Sementara Gilang masih menggelengkan kepala. "Saya baru masuk ke kamar ini, Pak. Dan saya tidak pernah melihat wanita ini," terangnya.

"Baik, Pak. Terima kasih."

Melenggang pergi meninggalkan Gilang, beberapa lelaki tersebut mengetuk beberapa kamar di sana juga. Ada masalah apa sih? kok, sepertinya mereka ambisi banget buat ngejar itu cewe ya?

Menepuk dahi, Gilang menggeram teringat wanita itu sudah berani menggunakan kamar tidurnya. Menutup pintu, dia mengambil langkah lebar untuk masuk ke dalam kamar.

"Woi! keluar lo!" marah Gilang. Menarik selimut, dia menatap kesal pada wanita yang ternyata tertidur dengan tenangnya tersebut.

"Dia malah tidur." Amarah Gilang semakin meradang. "Bangun!" bentaknya. Menarik tangan wanita itu, Gilang terperanjat kaget ketika dia yang malah di tarik dan terjerembab di atas tubuh seksi tersebut.

Bugh!

"Aaa!" teriakan wanita tersebut menggema di ruangan itu.

Replek membungkam mulut sang wanita, Gilang menggunakan telapak tanganya menghentikan teriakan tersebut. "Jangan teriak," tegurnya.

Hening. Wanita itu sontak terdiam ketika menyadari posisi mereka. Mengerjapkan mata, dia menatap pada bola mata coklat yang meneggelamkan dirinya.

Irama jantung keduanya mengalun kencang bersahutan sama lain. Desir darah mendidih dan naik sampai ke otak. Bergerak pelan, Gilang bukan anak kecil lagi yang tidak mengerti benda kenyal apa yang sedang di tindihnya.

Wanita itu pun bukan seperti anak kecil yang terlalu polos akan hal-hal yang berbau mistis. Jantungnya semakin berdegup kencang karena sesuatu di dadanya semakin tertekan tubuh Gilang. Membuka mulut, dia bersiap mengeluarkan suara cemprengnya.

"Sstt ... gue bilang diam." Melototkan mata, Gilang mengintimidasi wanita di bawahnya. "Mereka masih di luar," terangnya.

Tok-tok-tok!

Benar saja, pintu diketuk keras dari luar sana. Membuat mereka saling melemparkan pandangan dalam raut muka penuh kecemasan.

"Bagaimana ini? Gue takut sekali."

Ini sudah ketukan ketiga, tapi Gilang dan wanita itu masih enggan beranjak karena takut akan orang di luar sana. "Biar gue yang buka, Lo sembunyi dulu saja."

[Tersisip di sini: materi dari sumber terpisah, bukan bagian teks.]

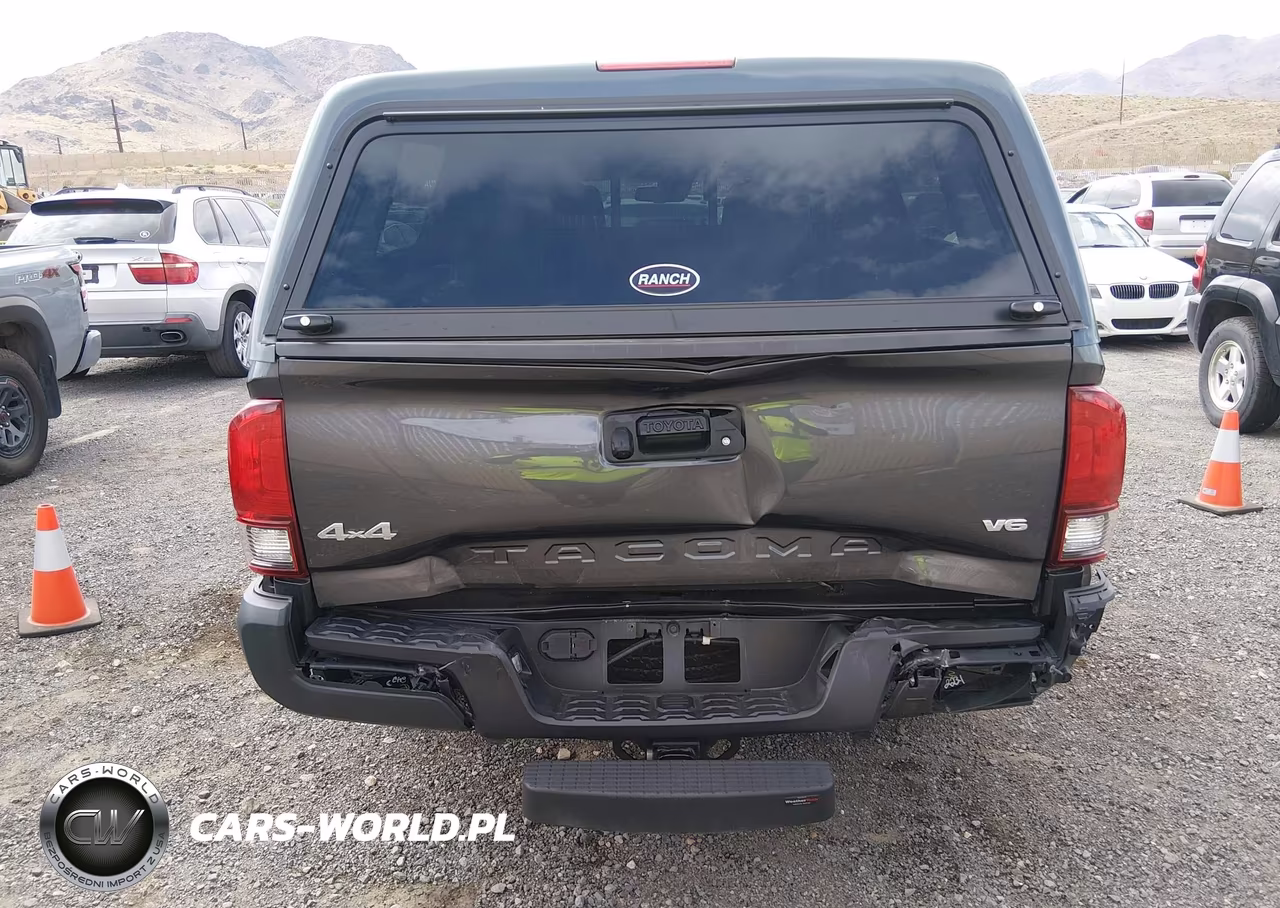 2023 Toyota Tacoma Sr5 V6 VIN:3TYCZ5AN4PT170920 - 16
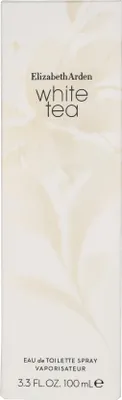 Produktbild von Elizabeth Arden White Tea, Frauen, 100 ml, Nicht nachfüllbare Flasche, Muskatellersalbei, Mandarine, Marine, Iris, Tee, Mate, Rose, Moschus, Ambrette, Tonka-Bohne, Holz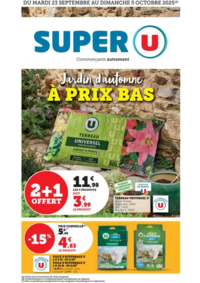 Prospectus Super U CAUSSADE : Spécial Jardin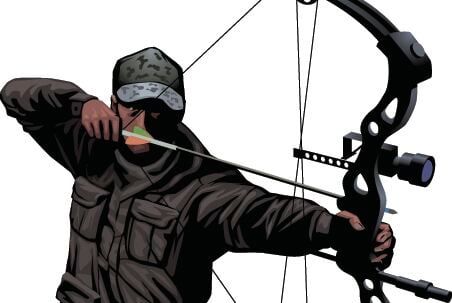DBR bow hunter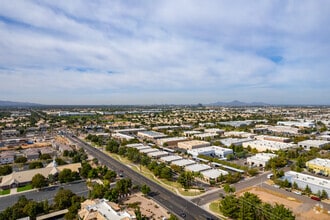 1450 W Guadalupe Rd, Gilbert, AZ - aerial  map view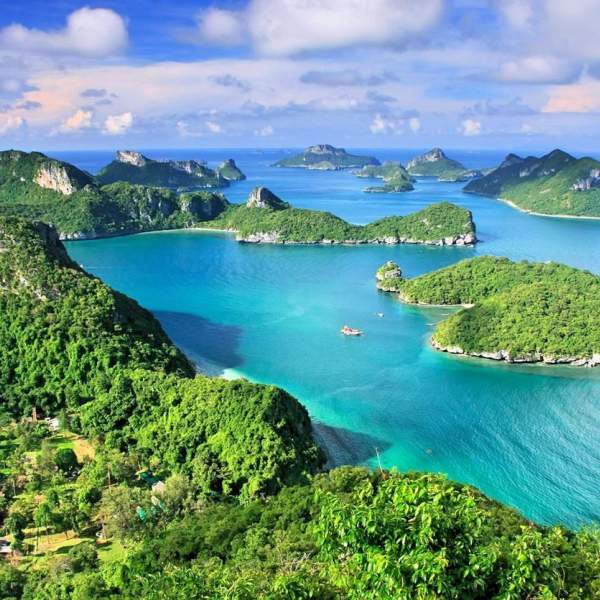 El mar de Andamán y sus islas paradisíacas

Gilang beranjak turun dari ranjang, tapi wanita itu justru mencegatnya. "Gue sembunyi di mana?"

"Terserah lo, deh."

Gilang pusing, dia ke sini untuk lari dari sebuah masalah. Kenapa justru direpotkan dengan masalah orang lain. "Mau ngumpet di sela ketek, mau di sela hidung kek," gerutunya.

Wanita itu melempar bantal. "Sialan lo, emang muat kalau ngumpet di sana?"

"Ya pikir saja sendiri."

Kenapa justru mereka berdebat sekarang. Sementara ketukan di luar sana justru semakin nyaring. "Ngerepotin banget sih, jadi cewek."

Ceklek!

Pintu sepertinya dibuka, membuat mereka kelimpungan. Gilangjx. sontak menggiring wanita itu ke kamar mandi.

"Kalau orang itu periksa ke sini gimana?" gumamnya.

Menarik lagi, dia membawa ke lemari. Memasukkan tubuh mungil itu, lalu menutup pintunya.

"Uhuk-uhuk! Pengap! Bisa mati gue!"

Menepuk dahi, Gilang kembali membuka dan menyentak tangan sang wanita. Mana tega dia membiarkannya mati kehabisan napas di sana. "Kolong ranjang," cetusnya.

Tidak ada waktu, wanita itu segera tengkurap dan menggeser tubuh masuk ke kolong berdebu tersebut. Gilang bergegas membenarkan seprei agar menjuntai dan menyempurnakan persembunyian wanita tersebut.